A comment by Deborah Mayo on a recent post by Andre Gelman started a heated and surprisingly subtle discussion on the correct (frequentist) definition of the p-value that currently continues on Larry Wasserman blog. Read for yourself – I for myself am still happy to write p(D>d|H0) ;).

The discussion on Gelman’s blog is certainly lively. Your definition p(D>d|H0) is correct.

To be precise – I do understand why one would want to write p(D>d ; H0), or p_{H0} (D>d), where the latter is preferable imo, but I don’t see any harm arising from writing p(D>d|H0) either, in fact, I find it more intuitive. The different notation seems to me more a statement about how one likes to think about the null hypothesis than an inherent necessity of frequentist analysis; you can decide that you don’t want to think about the decision H0, !H0 as a probability distribution, you can then calculate p_{H0} (D>d), and conclude from the p value that !H0 must be the case, maintaining all the time that there was never a probability on H0, !H0, but it seems to me that you will arrive at exactly the same conclusions when thinking p(D>d|H0) in all practical situations. Whether H0 is measure-zero seems to me more a philosophical problem of frequentism than a problem for this notation.

Interesting!
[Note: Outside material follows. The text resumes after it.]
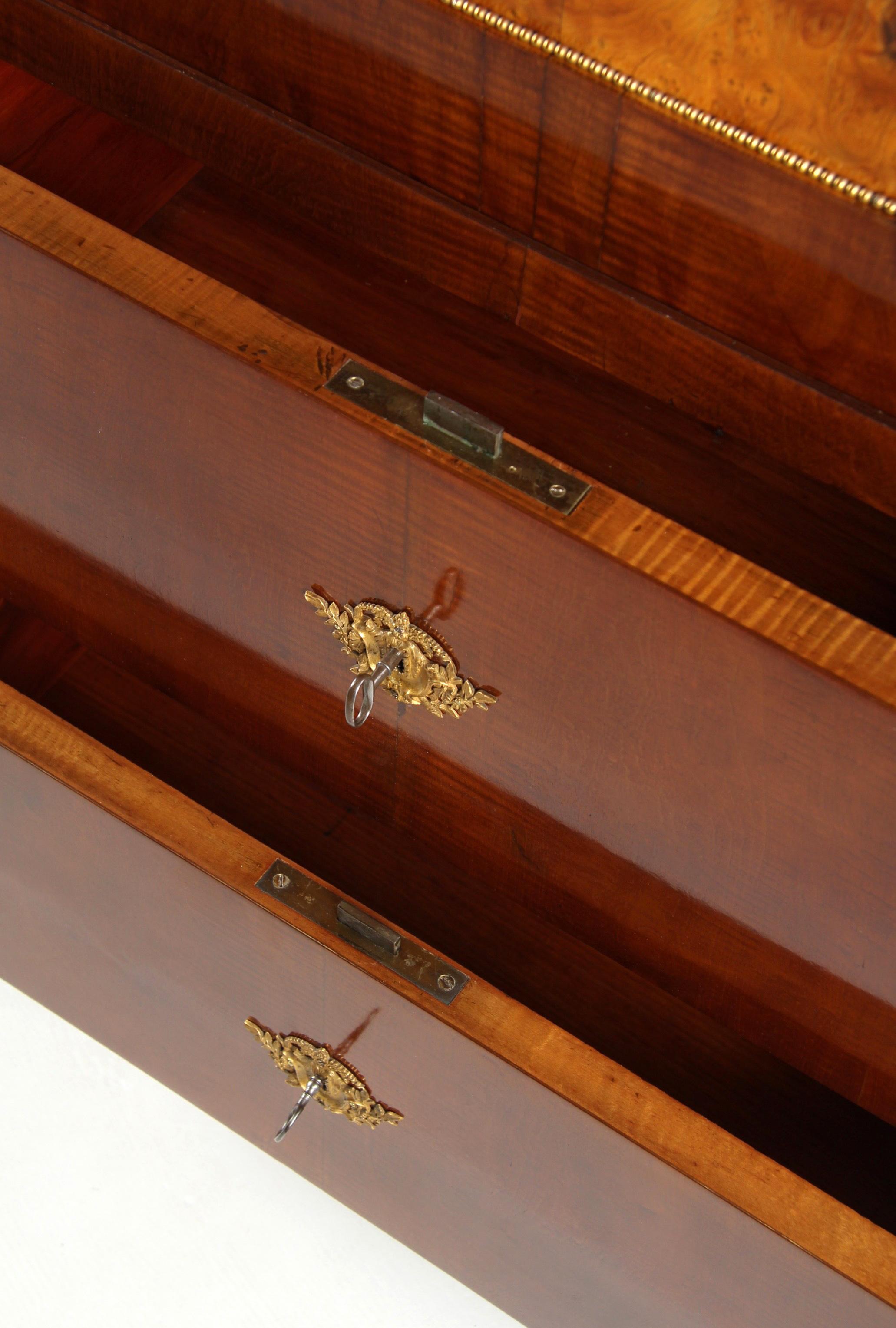 Secreter Imperio Alemán del Siglo XIX con Bustos de Ormolu, Berlín c. 1811 en venta 11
Glad that you relayed this Florian… I am now a convinced p_{H0} (D>d) 🙂 It might be, as you say, that one can reach exactly the same conclusions from frequentist and Bayesian p-values; yet given the degree of confusion with p-values taught in the context of classic frequentist theory, it seems worthwhile to be precise.
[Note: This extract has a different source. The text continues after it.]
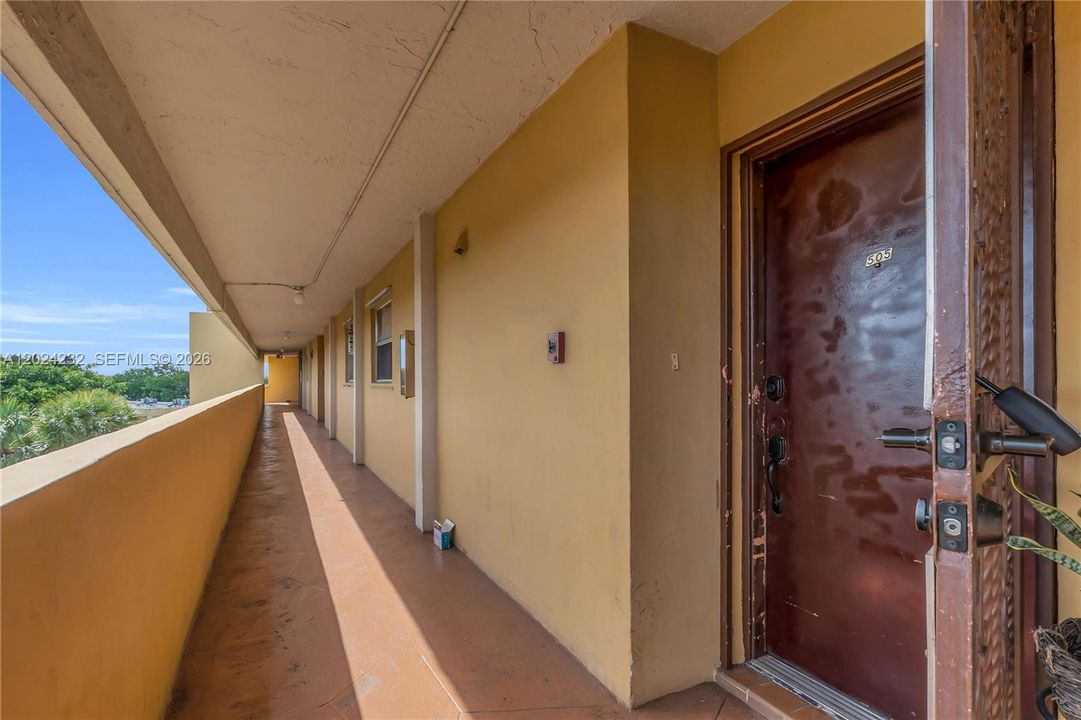 На продажу: $240,000 (1 спален, 1 ванн, 838 Квадратных фут)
Actually the problem with notation is similar to wording issues. Wikipedia defines it as “the probability of obtaining a test statistic at least as extreme as the one that was actually observed, assuming that the null hypothesis is true”.
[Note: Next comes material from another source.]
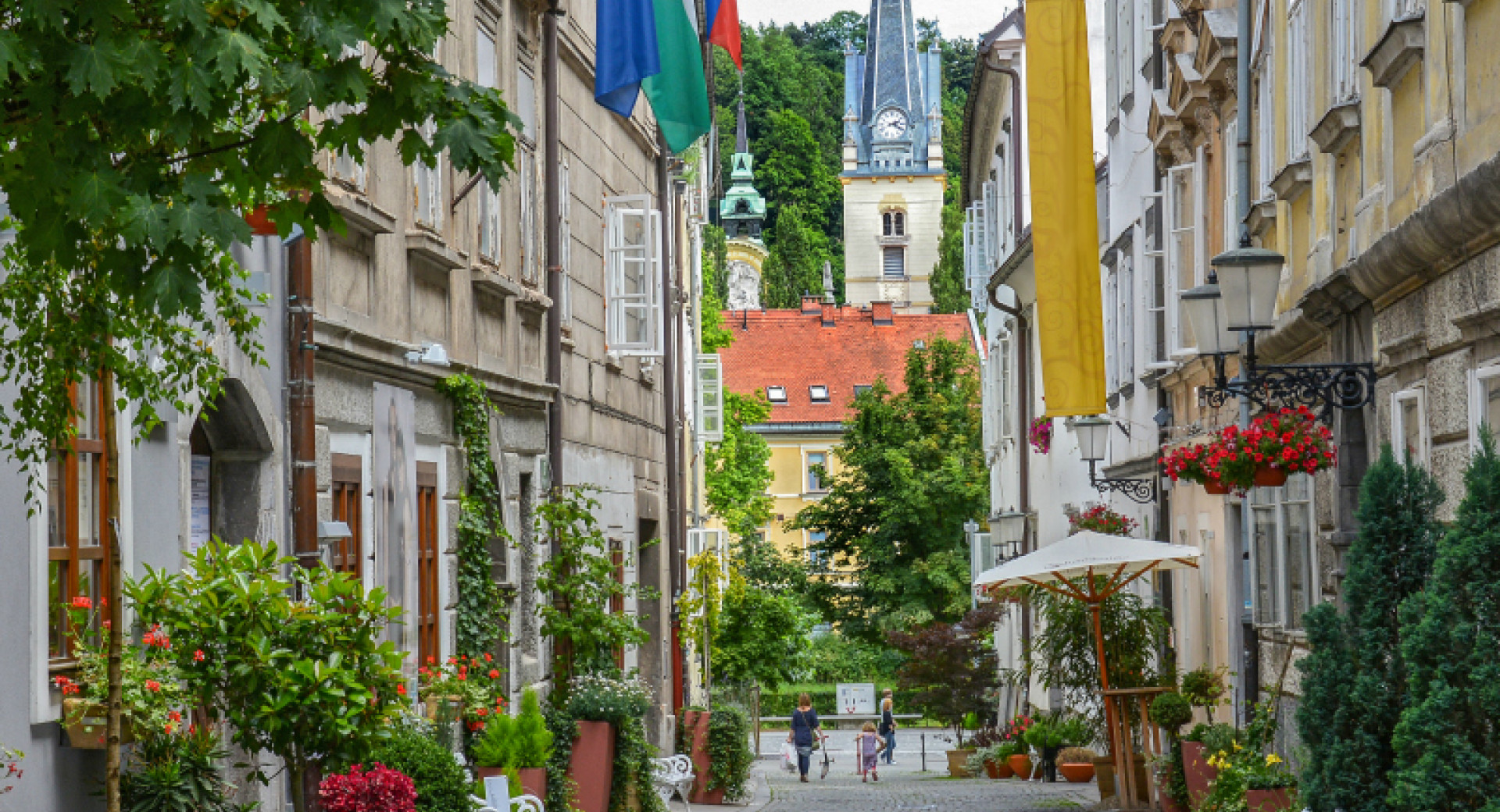 Ulica v Ljubljani. V ozadju cerkev.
I think this is much better than stating “conditional to the null hypothesis”, as is often heard (and written by Gelman)…

My impression is the disagreement stems largely from the difference between the mathematical and conventional meaning of “conditional”. If conditional is used with its day to day meaning, there’s of course no problem, but then it becomes wrong when the mathematical definition of conditional is used…Given the bar is used to define mathematical conditioning, I’d say there a strong potential for misinterpretation. I’ll try to keep it in mind for teaching.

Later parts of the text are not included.